The following roadmap will be presented and discussed at the IS TF meeting on the 8th of January.

  • Implement the new WLCG IS based on AGIS. The new IS will consume GLUE2 attributes, but only the subset needed by WLCG. This subset will be clearly documented and well defined so that all sys admins and MW developers understand what is required.
  • The WLCG IS will query several sources of information. In case the BDII is needed, it will query the resource BDII directly. In this way, WLCG will stop relying on top and site BDIIs.
  • New services do not need to deploy a BDII in order to provide resource information. They could provide the needed GLUE2 subset through other means (i.e. OSG will provide GLUE2 JSON)
  • REBUS will remain as a WLCG project office tool to collect MoU sites, their pledges and accounting. Installed capacity information will be removed from REBUS and included into the new IS.

Definitions

In order to improve the information published in the new WLCG IS, clear definitions are needed. The following definitions have been proposed by the Information System Task Force. Feedback from site admins is being collected:

Proposal sent to LCG-ROLLOUT:

  • GLUE2ExecutionEnvironmentLogicalCPUs: the number of processors in one Execution Environment instance which may be allocated to jobs.

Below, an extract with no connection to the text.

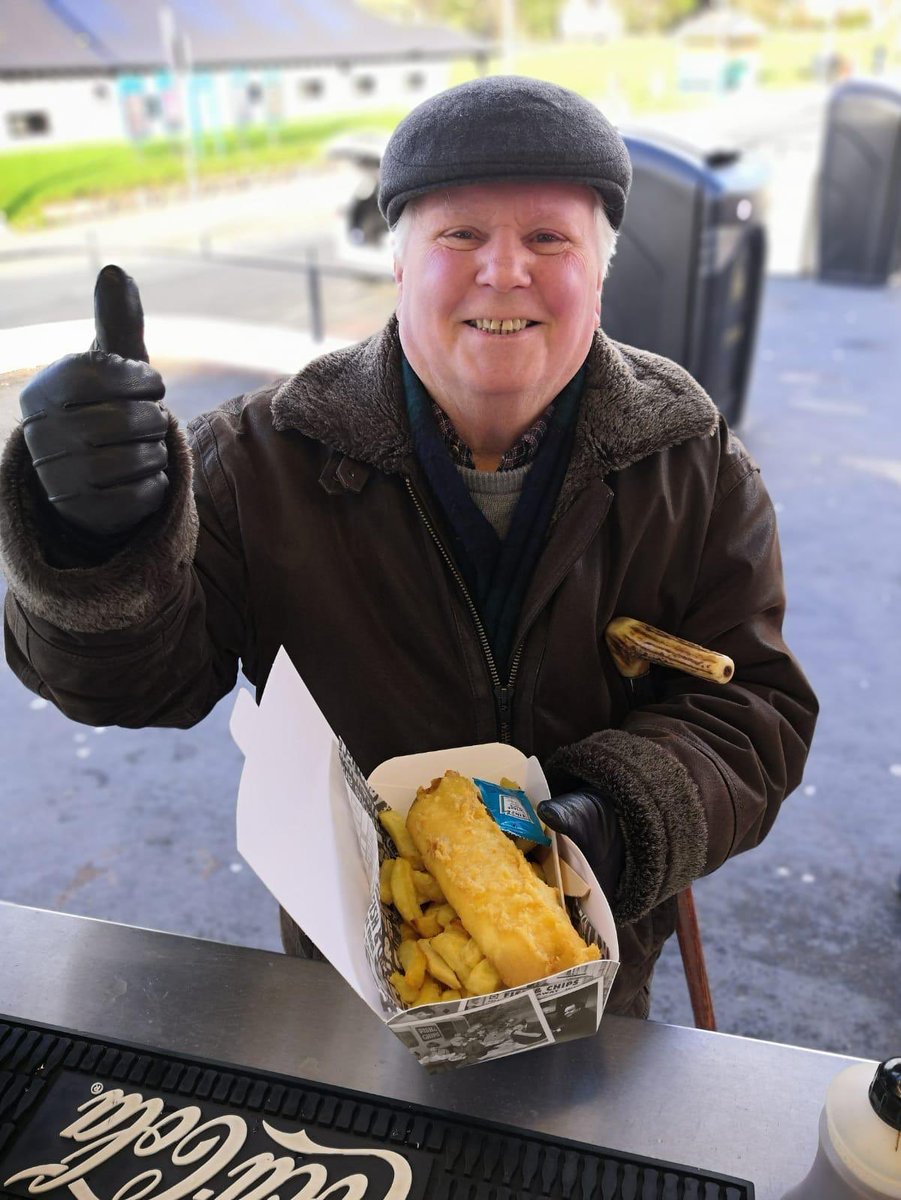MiddletonFrying's tweet photo. (1/3) Jason has been lending a hand @ppierchippy today. They have been giving away free #FishandChips to our service personnel and OAPs 👏🏻👍🏻 #HappyChristmas everyone🎄#Middletons #MiddletonGold https://t.co/ibUEoFWjua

Typically the number of processors seen by the operating system on one Worker Node (that is the number of "processor :" lines in /proc/cpuinfo on Linux), but potentially set to more or less than this for performance reasons.

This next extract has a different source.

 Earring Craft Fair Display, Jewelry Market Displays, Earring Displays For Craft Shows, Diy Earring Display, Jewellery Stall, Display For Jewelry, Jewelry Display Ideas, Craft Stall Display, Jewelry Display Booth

  • GLUE2BenchmarkValue: the average HS06 benchmark when a benchmark instance is run for each processor which may be allocated to jobs. Typically the number of processors which may be allocated corresponds to the number seen by the operating system on the worker node (that is the number of "processor :" lines in /proc/cpuinfo on Linux), but potentially set to more or less than this for performance reasons.

Another proposal by Andrew after some discussion:

  • GLUE2ExecutionEnvironmentLogicalCPUs: the number of single-process benchmark instances run when benchmarking the Execution Environment, corresponding to the number of processors which may be allocated to jobs. Typically this is the number of processors seen by the operating system on one Worker Node (that is the number of "processor :" lines in /proc/cpuinfo on Linux), but potentially set to more or less than this for performance reasons. This value corresponds to the total number of processors which may be reported to APEL by jobs running in parallel in this Execution Environment, found by adding the values of the "Processor" keys in all of their accounting records.
  • GLUE2BenchmarkValue: the average benchmark when a single-process benchmark instance is run for each processor which may be allocated to jobs. Typically the number of processors which may be allocated corresponds to the number seen by the operating system on the worker node (that is the number of "processor :" lines in /proc/cpuinfo on Linux), but potentially set to more or less than this for performance reasons. This should be equal to the benchmark ServiceLevel in the APEL accounting record of a single-processor job, where the APEL "Processors" key will have the value 1.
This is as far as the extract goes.